MATERIAL PROVIDED Start Marker
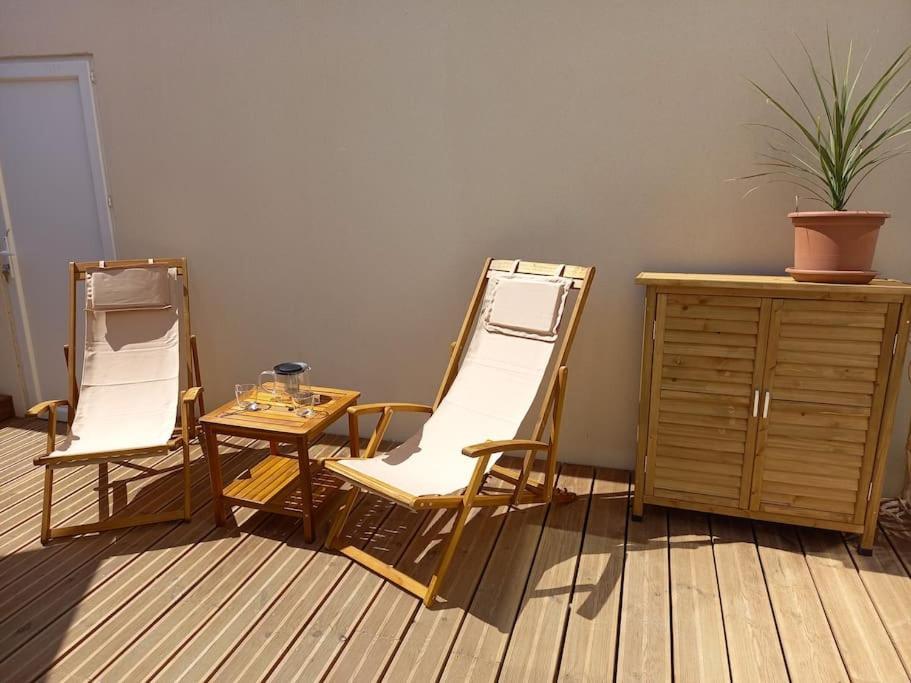 Appartement 100 M2 Terrasse Piscine Gruissan Exteriör bild
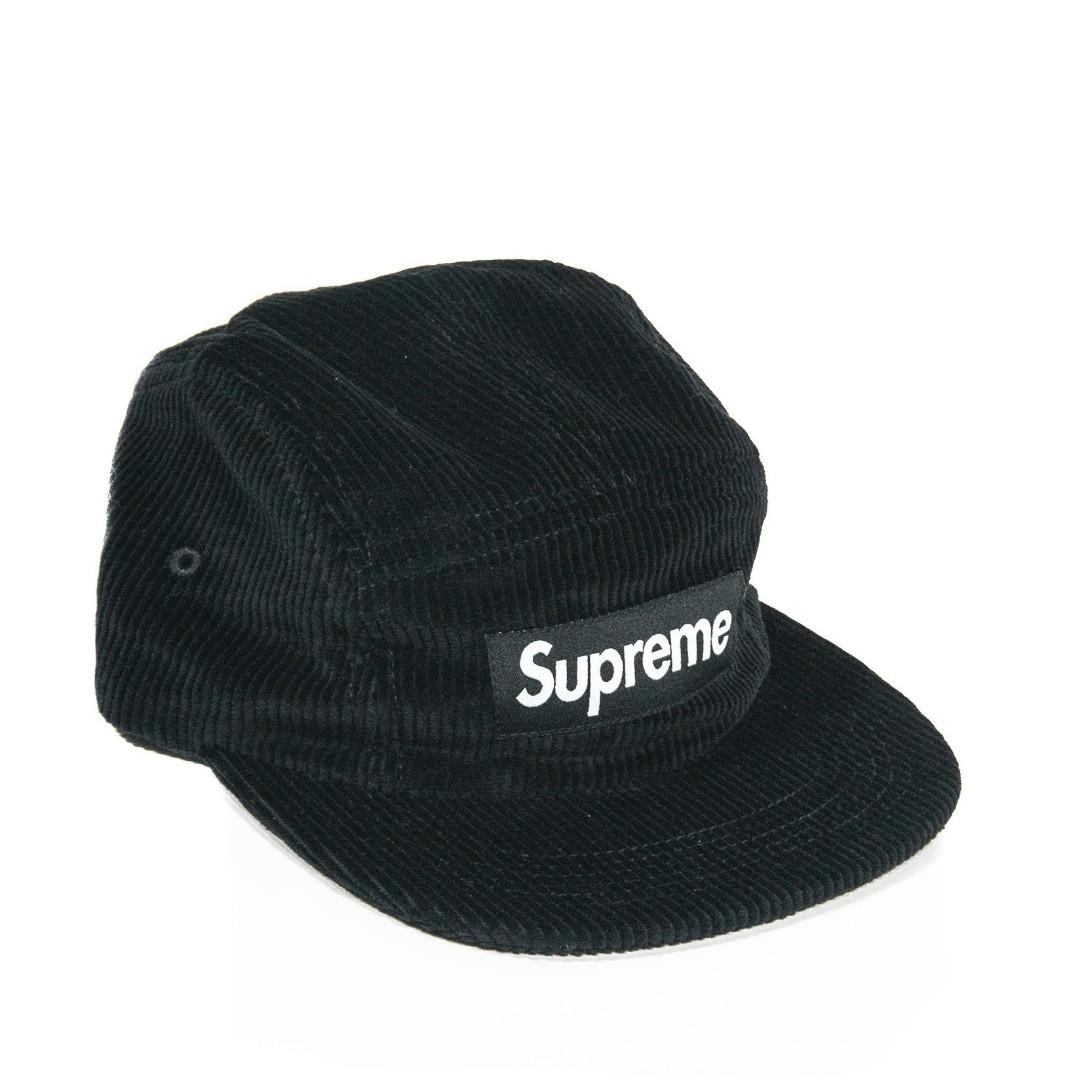 supreme corduroy hat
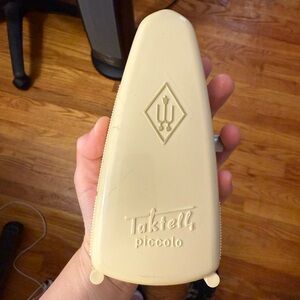 Vintage Taktell Piccolo Metronome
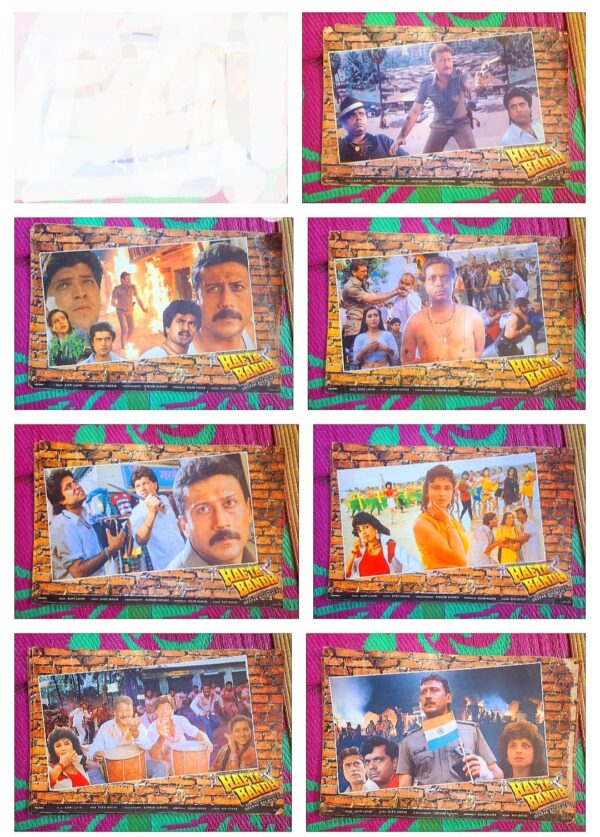 HAFTA BAND Bollywood movies lobby card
MATERIAL PROVIDED End Marker
▸ **YOUR ASSIGNMENT**: Repeat every line of the data above exactly, but drop the pictures.

▸ **FINISHED EXERCISE**:
 Appartement 100 M2 Terrasse Piscine Gruissan Exteriör bild
 supreme corduroy hat
 Vintage Taktell Piccolo Metronome
 HAFTA BAND Bollywood movies lobby card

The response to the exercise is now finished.